Vicent Baydal, que ha estudiado en Valencia el personaje, cita los estudios recientes de Antonio Zaragozá y lamenta que la documentación que del valenciano pueda quedar en Argentina, que puede ser clarificadora y abundante, esté por explorar. Lo que sabemos es que esa fase de once años de aventura empresarial le hizo rico, pese a los altibajos, y que como muy rico se presentó en Valencia en 1889, cuando regresó con una colección paleontológica espectacular, que unos dicen era comprada, aunque también cabe la posibilidad de que las piezas fueran aflorando, en diversos puntos de la Argentina, al paso de los grandes movimientos de tierras que hacían sus empresas colonizadoras. Enrique Carles, el fiel compañero, terminó siendo un especialista que catalogó los hallazgos, defendió su valor científico y rehuyó las tentaciones de venta.

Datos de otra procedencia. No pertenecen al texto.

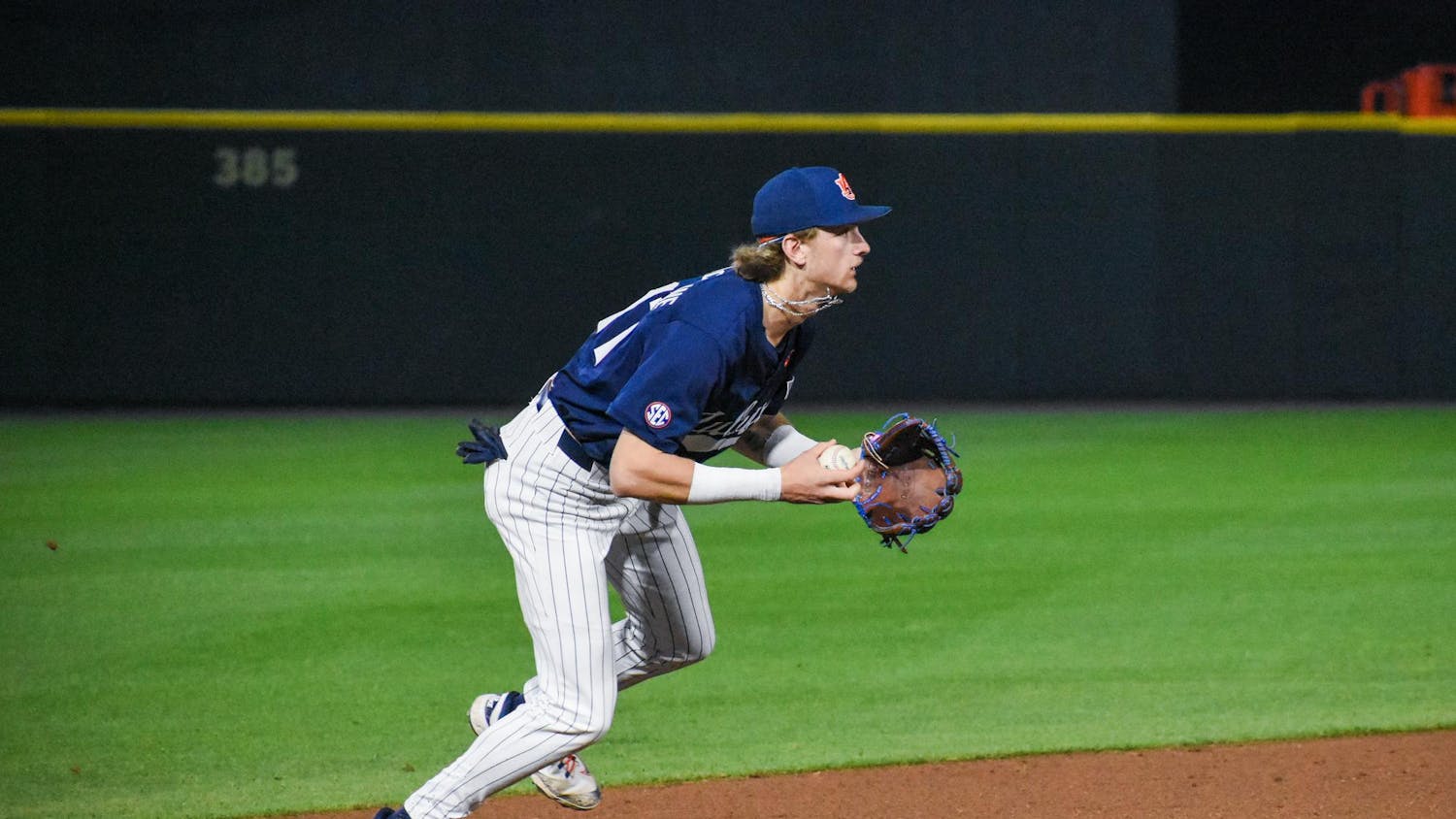 A baseball player in a navy jersey and striped pants is crouching on an infield, preparing to field a ball.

La desembocadura del río Bermejo, el trazado de ciudad de La Plata, las obras de irrigación en La Pampa y las concesiones que el político Dardo Rocha le proporcionó, hablan de una epopeya de negocios y proyectos, donde actuó como ingeniero promotor o concesionario emprendedor, sin que sepamos de dónde procede su titulación o la fuente del capital que le movía. Es el momento de “los indianos”, el periodo en que Argentina recibe a miles de emigrantes españoles e italianos movidos por el hambre; gentes sin destino que contribuirán a levantar ciudades y a hacer posible las grandes infraestructuras de un país nuevo.
En su siguiente estancia en América, entre 1889 y el nuevo regreso a Valencia en 1904, Rodrigo Botet inició un nuevo ciclo de obras y negocios, entre los que hay que anotar su deseo, fracasado, de establecer líneas de vapores que llevasen frutas valencianas a la América Latina. El ejemplo de la gran fortuna de otro valenciano, el marqués de Campo, aparece muy cercano a sus propósitos, siempre tocados del impulso de un sueño aventurero. Y no cabe duda de que la aventura argentina de Blasco Ibáñez, su deseo de levantar dos ciudades agrícolas llamadas Cervantes y Valencia, tuvo también raíces en la aventura de Rodrigo Botet.

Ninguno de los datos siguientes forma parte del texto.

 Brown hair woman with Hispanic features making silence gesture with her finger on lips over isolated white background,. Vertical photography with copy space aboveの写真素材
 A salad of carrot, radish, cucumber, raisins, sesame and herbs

Pero en el siglo XX los negocios habían cambiado y excluían al menos a los aventureros que hubieran sobrepasado los sesenta años. El declive de nuestro emprendedor le llevó a instalar en Madrid una fábrica de jabón, también fracasada a la postre. Cuando la muerte le llegó, en medio de las penalidades económicas de la Guerra Mundial, en julio de 1915, José Rodrigo Botet, y Augusto, el hijo que con él vivía, estaban en la ruina. En Brasil había quedado, años atrás, la segunda esposa y doce hijos más.

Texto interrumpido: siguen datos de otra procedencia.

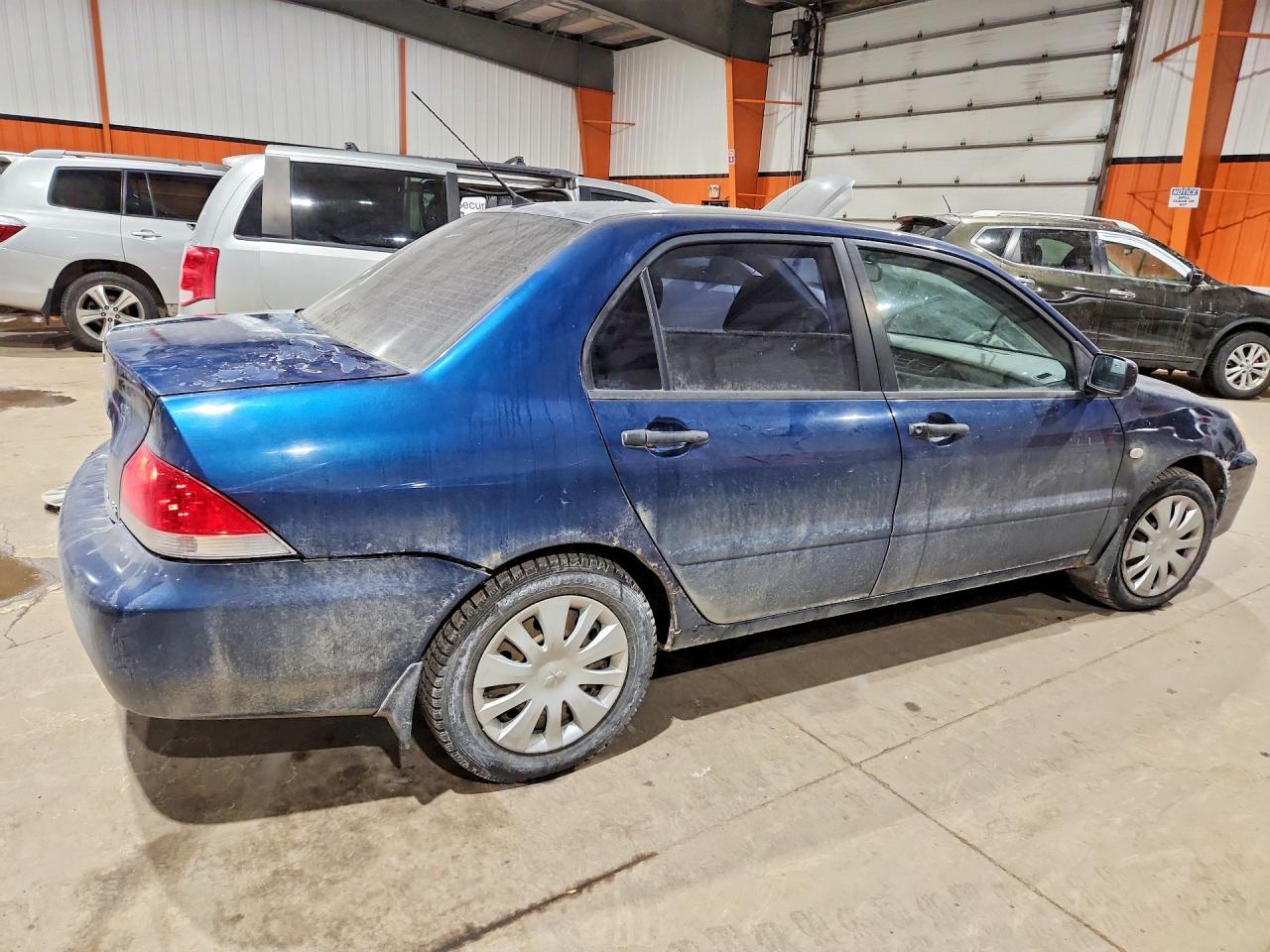 2006 Mitsubishi Lancer Es Blue vin: JA3AJ26E76U601051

Enterrado en Madrid, precariamente, el diario “Las Provincias” y “La Correspondencia de Valencia” se encargaron de recordar sus glorias. Y fue el alcalde Ricardo Samper, luego efímero presidente del Gobierno durante la República, el que gestionó, en 1920, el regreso de sus restos a Valencia. Y la construcción de un panteón digno del personaje. En él descansa, bajo una escultura orlada de armadillos gigantes y decorada con animales del Pleistoceno.